Dirinya juga sudah rapat berkali-kali dengan seluruh partai koalisi, terlebih lagi setelah ada kabar OTT yang terjadi pada pasangannya, yang juga Bupati Jombang, Nyono Suharli. "Kami sudah rapat berkali-kali dan kami yakin untuk terus konsolidasi. Sama sekali tidak memiliki rasa was-was dan tetap konsentrasi menangkan pilkada," ujarnya.

Pada Pilkada Kabupaten Jombang 2018, Bupati Nyono Suharli bergandengan dengan Subaidi Muhtar. Pasangan ini diusung beberapa partai yaitu Partai Golkar, PKS, PKB, PAN, serta Partai Nasdem dengan total kursi hingga 27 kursi di parlemen.

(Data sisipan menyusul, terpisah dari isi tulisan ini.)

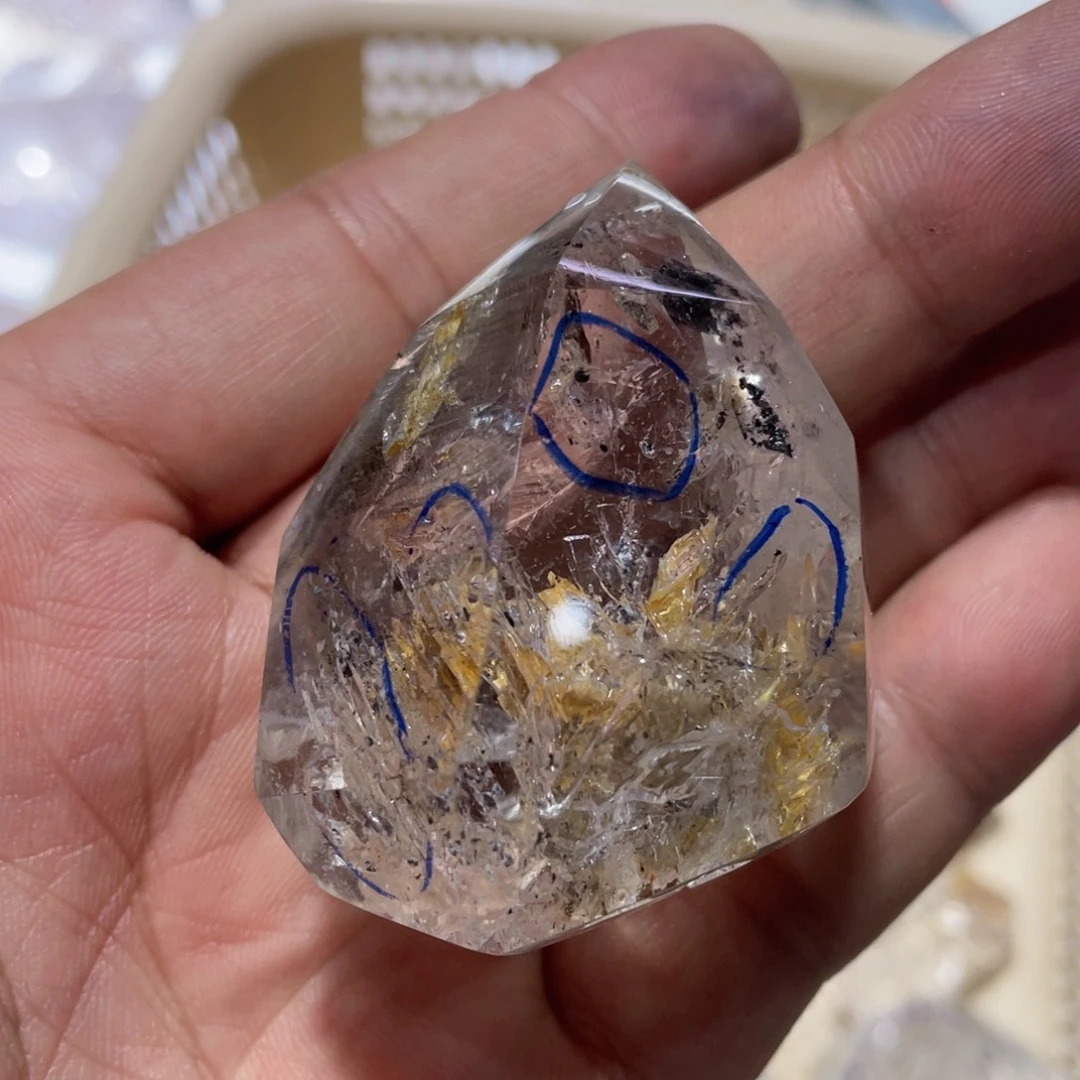 西***王未镶嵌珠宝半成品水晶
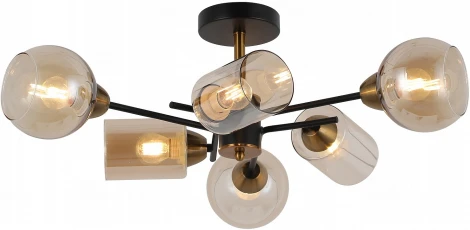 Потолочная люстра на штанге ILLUMICO IL8243-6COU-79 BK GD (220V)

Penyidik KPK menangkap Bupati Jombang Nyono Suharli dalam operasi tangkap tangan (OTT) pada Sabtu (3/2). Ia ditangkap lantaran diduga menerima sejumlah uang suap terkait perizinan penempatan jabatan di Pemkab Jombang.

Suap itu diterima Nyono dari pelaksana tugas Kepala Dinas Kesehatan Pemkab Jombang, IN, agar bisa diangkat menjadi kepala dinas kesehatan definitif. Sumber suap diduga berasal dari hasil pungutan liar (pungli) perizinan pelayanan kesehatan di puskesmas. Total ada 34 puskesmas yang dipungut untuk mengumpulkan dana. Hasil pengumpulan sejak Juni 2017 mencapai Rp 434 juta.

Sementara itu, dari dana yang terkumpul lalu diserahkan oleh IN kepada Nyono secara bertahap. Yakni, sebesar Rp200 juta pada Desember 2017 dan Rp 50 juta, yang dibayar untuk iklan kampanye media di Jombang.